Number of pages: 352
Genre: General Fiction (Adult)
Jesika is four and a half.
She lives in a flat with her mother and baby brother and she knows a lot. She knows their flat is high up and the stairs are smelly. She knows she shouldn’t draw on the peeling wallpaper or touch the broken window. And she knows she loves her mummy and baby brother Toby.
She does not know that their landlord is threatening to evict them and that Toby’s cough is going to get much worse. Or that Paige, her new best friend, has a secret that will explode their world.
“Home” is Amanda Berriman’s debut novel and I knew I want to read it as soon as I’ve received an email from NetGalley with a short extract from it. It is not the easiest book – storyline – wise – but it is also a read that will have you gripped and that won’t let you go.”Home” was not the easiest read. It made my stomach turn and I wanted to slap one of the characters with my bare hands. It was heart – breaking, probably because it was so close to reality, and I think the fact that the author handed over the narration in the little Jesika’s hands made it even more harder and it totally mess with our emotions.
Jesika, as a narrator, works brilliantly. She’s not too mature even though she knows a lot – she’s just a very sensible, vulnerable child that experiences things that she shouldn’t experience. Seeing world through her eyes is authentic and genuine and honest and you are immediately drawn in – we see things through the four – year – old girl’s perspective and those things are perfectly portrayed. We can totally relate to what it is to be a four – year – old and how it is to be a child in this grim reality where the adults not always take you seriously, how it is to be powerless, how hard it is to attract adult’s attention to what is really important. The way Amanda Berriman got into Jesika’s head and told us this story is actually breath – taking.
However, I am in minority here with my opinion, I know, and while I absolutely, totally appreciate what the author has tried to achieve with her story, it just didn’t work for me on all the levels. I am not sure what Amanda Berriman wanted to tell us here and on what should I focus. The two main storyline, the one about Jesika and her family and then Jesika and her friend Paige felt for me under – developed. They were started off but the execution has felt for me here. The subplot with Paige annoyed me incredibly, I just couldn’t believe that her mother didn’t see the obvious. There were parts in this story that I reckon were not necessary, like Jesika spending time at the foster family – I just think this book could do without it.
But even though it was a hard book to read because of the topics it touches upon, a sense of building dread because you know what’s coming, it was easy to read. The writing style is seamless and it effortlessly transports us to Jesika’s world and it is very realistic. It is not overdone, actually it is worryingly close to life and you easily imagine all the things happening. However, it is not only doom and gloom, as there are some uplifting things in the story as well – the power of friendship, of finding allies when you’re not expecting it at all.
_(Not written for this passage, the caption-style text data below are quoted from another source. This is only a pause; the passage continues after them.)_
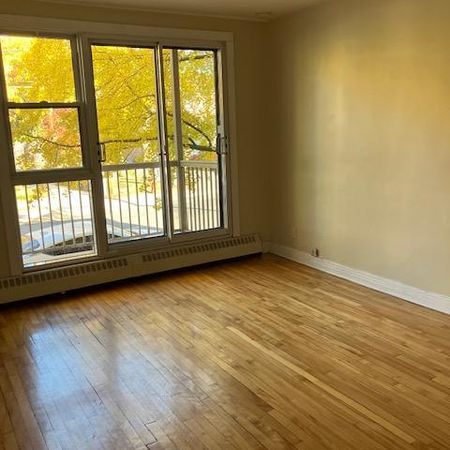 1 1/2 rénové à Dorval près des services - Photo 4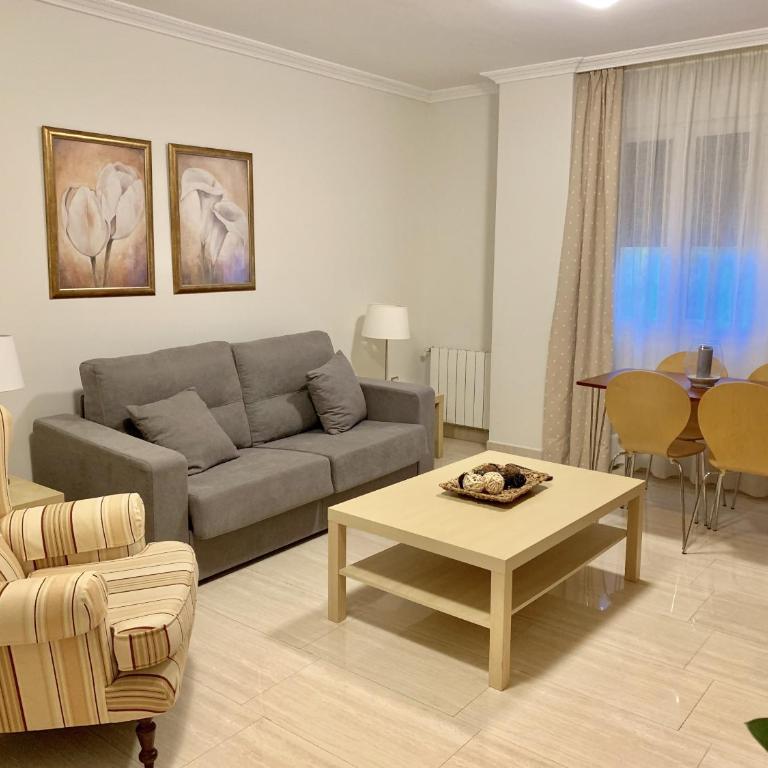 Céntrico, parking gratuito, al lado estación tren. - Apartamento - 1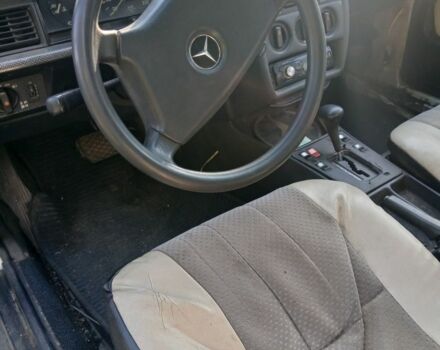 Белый Мерседес 190, объемом двигателя 2 л и пробегом 300 тыс. км за 850 $, фото 7 на Automoto.ua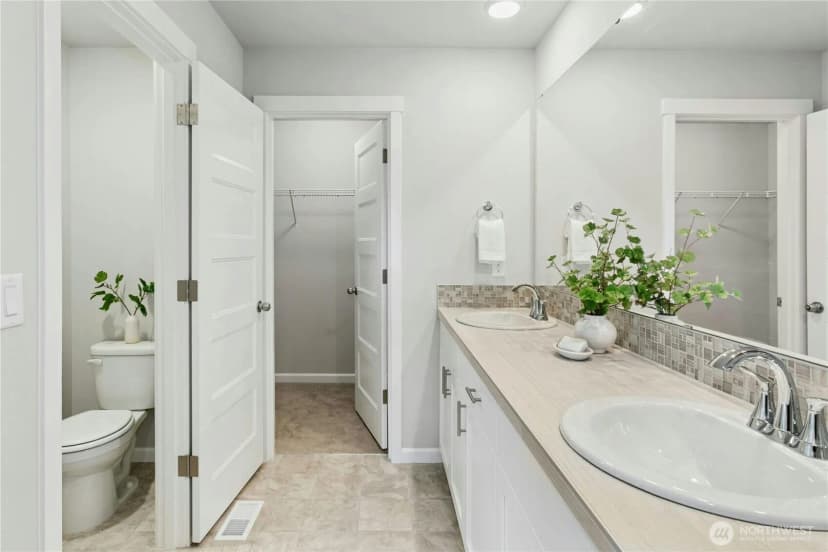 Property photo for 27117 30th Place S #24, Kent photo 21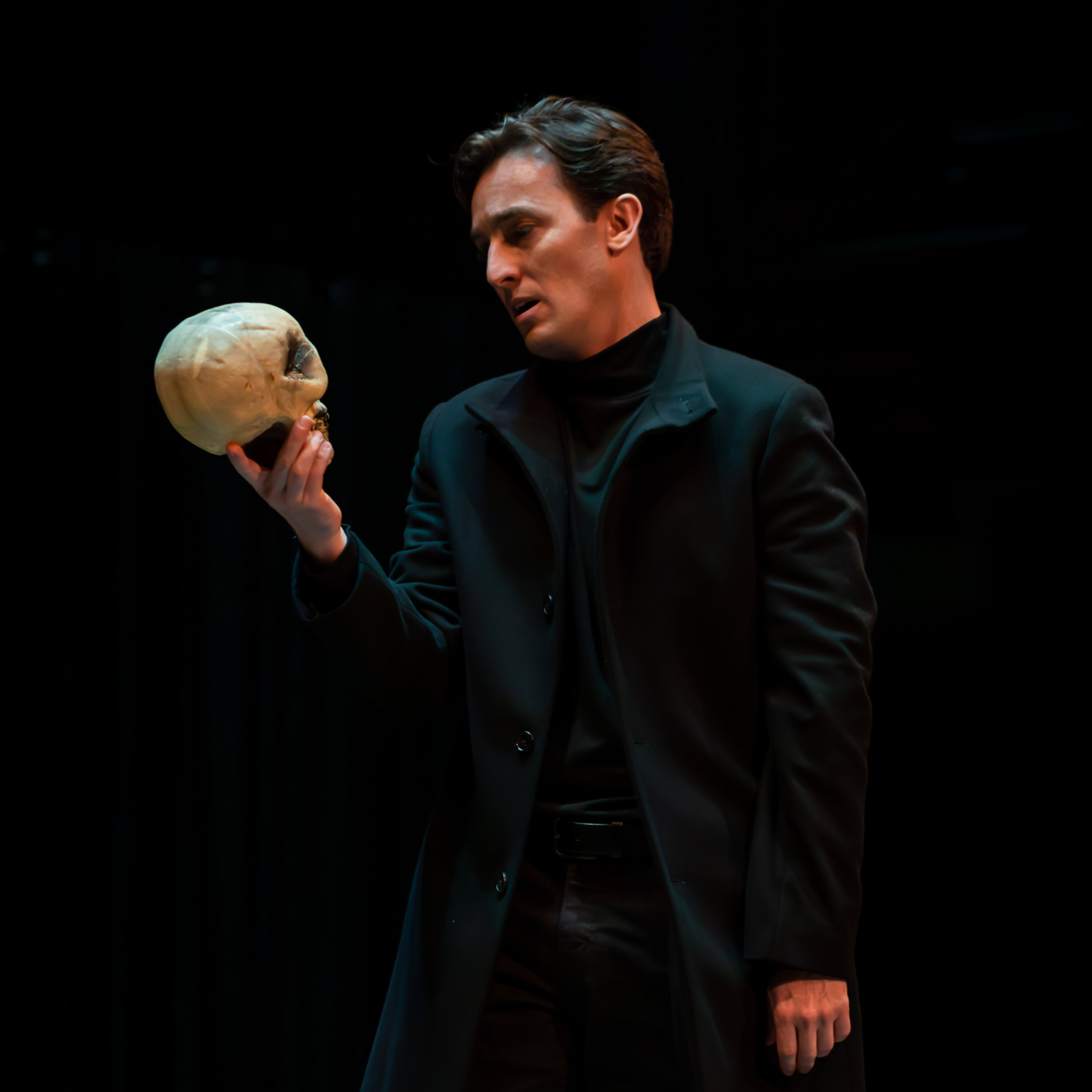 Rousuck's Review: CSC's 'Hamlet' and Everyman Theatre's 'Harvey' episode artwork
Altogether, “Home” was absorbing, gripping and heart – breaking read with realistic characters that you quickly fell for and with very realistic topics, pointing at the importance of being open and of communication between parents and children. Written with a lot of understanding and subtlety and ultimately I think it was me, and not the book that wasn’t quite right. It was a powerful read and I can’t put my finger on what was wrong for me but it just didn’t work for me as much as I’d like it to. However, don’t let me to dispirit you, just go and read this book and you’ll see for yourself how powerful and emotional it is. I am already looking forward to Ms Berriman’s another book.